#wanderlust

I think I can safely say I have the wanderlust.  But what does that mean exactly? I want to travel, I want to write, I love to live vicariously thru others experiences and travels. Listening to courageous stories, sometimes outrageous, sometimes trying, but accessible somehow. I am able to picture myself in the scene. Trekking in Napal,  lounging on a beach in Mexico, traveling by boat in the middle of Southeast Asia, enjoying the local fare at a street market, reflecting on a sunset or comtemplating a sunrise.  Yes, I have the wanderlust.   

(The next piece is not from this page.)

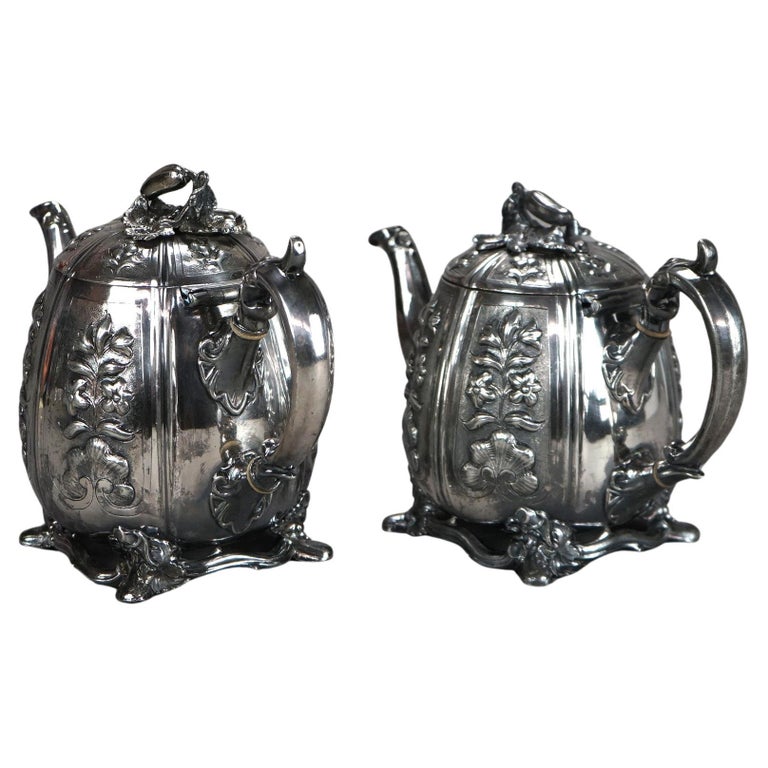 Two Antique English Sheffield Silver Plated Tea Pots with Garden Elements C1890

turkey...compliments of a fellow passionate traveler

turkey...compliments of a fellow passionate traveler

I have the resources to travel sometimes, mostly once a year, twice if I am lucky.  To far off destinations that take me out of my comfort zone and help me to feel truly far from home. But what about experiences closer, what about weekend trips, day hikes, and evening cocktails entertaining a new band. These elicit many of the same feelings that I want to have, that I feel a need for. It’s a bit like the air that I breath, and when I don’t do it for a while I feel suffocated. When I am doing it, often times, I feel giddy….like a child. Experiencing something I have felt before and long to feel again. Yes, I have the wanderlust.

I sometimes feel it when I get home from a long nite, and I am quiet in my apartment, I pick up a book or make a cup of tea, and I can feel that sense of being far away. Sometimes I feel it when I venture across the city on foot or by the bus, as if I am going to get off somewhere I have never been….even it is one of my favorite haunts. Yes, I have the wanderlust.

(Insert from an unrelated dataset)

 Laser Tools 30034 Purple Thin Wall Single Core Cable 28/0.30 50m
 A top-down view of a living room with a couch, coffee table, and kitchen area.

It’s not a place, not even an experience. It’s a feeling, it’s within my grasp, and yet so often, I am looking beyond it, feeling that is out of reach….Wanderlust, it can sometimes feel elusive, mysterious, even sexy.  But so many other times, it feels like a warm blanket, familiar and comforting.

home....

home....


#balloonsinthedesert #lookmanohands #camelcuriosity

Once upon a dream of mine, which I came to find out, was definitely not Graeme’s, our first excursion was a camel ride in the desert. What we ended up with, was a hot air balloon ride in the desert, and camel ride in a park on the side of the road.  Up at 430a for a sunrise balloon ride was still exciting, with the exception of: the 430a wake up call and no sun for our sunrise. Either way, we were able to get out and see the set up of a hot air balloon from inception, enough to make anyone a pyromaniac. The inflation rate of a balloon that big was quite impressive, and for a split second made you actutely aware of the fact that you might just be taking your last trip anywhere. (or at least your last look at a good head of hair) Once in the basket, it was mere seconds before we were 100 feet off the ground, and from there we eventually reached 2,380 ft. Holy balloon ride, batman! 

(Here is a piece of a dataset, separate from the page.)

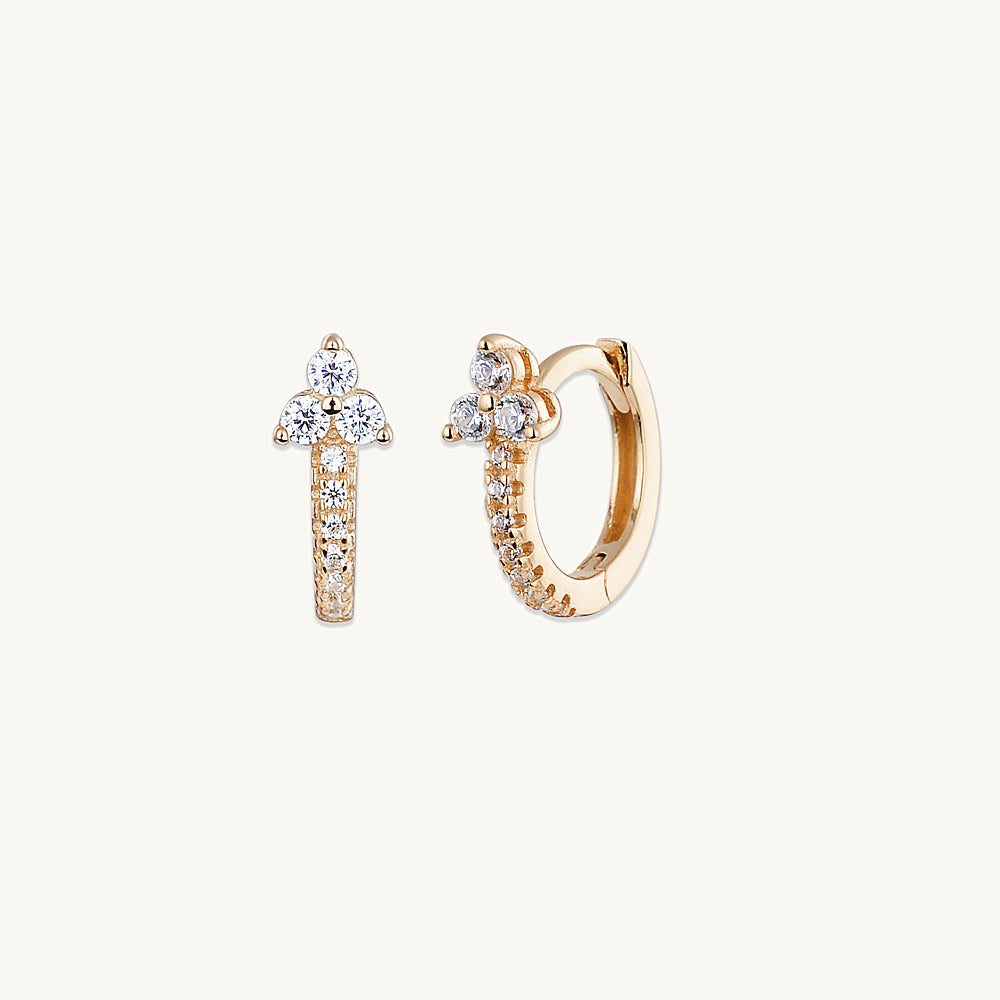 Lotus Sapphire Hoop Earrings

Definitely the highlight of our early morning, (which also included a traditional Berber breakfast with about 100 of our closest bee friends) the fact that it was overcast was of little consequence, (or even that it was in fact, sprinkling rain) Some breathtaking views, and a distance from the ground that would take your breath away was reward enough.

This was followed by a camel ride that could be rivaled only by what I believe would be equivalent to a ride in a zoo…but with even less scenery.  The cars passing by were good to grab a taxi if you needed one.  Ah, what to do….when in Rome, do as the natives don’t ever really do. :) I guess some might liken it to San Franciscans and cable cars…expensive and unecessary. Unlike an elephant ride, (which believe it or not is a fairly comfortable experience) camels are as about as smooth as the guys from the a Night at the Roxberry, (and frankly most of my dates over the last 6 months) and they really don’t believe in letting you down gently when it doesn’t work out either. Getting on an off a camel is a lot like me learning to drive a stick shift at sixteen, lurching back and forth, and scary to you and anyone else within a hundred feet of you. However, I don’t believe that my trip to Marrakech wouldhave been complete without it, and I am happy to have done it.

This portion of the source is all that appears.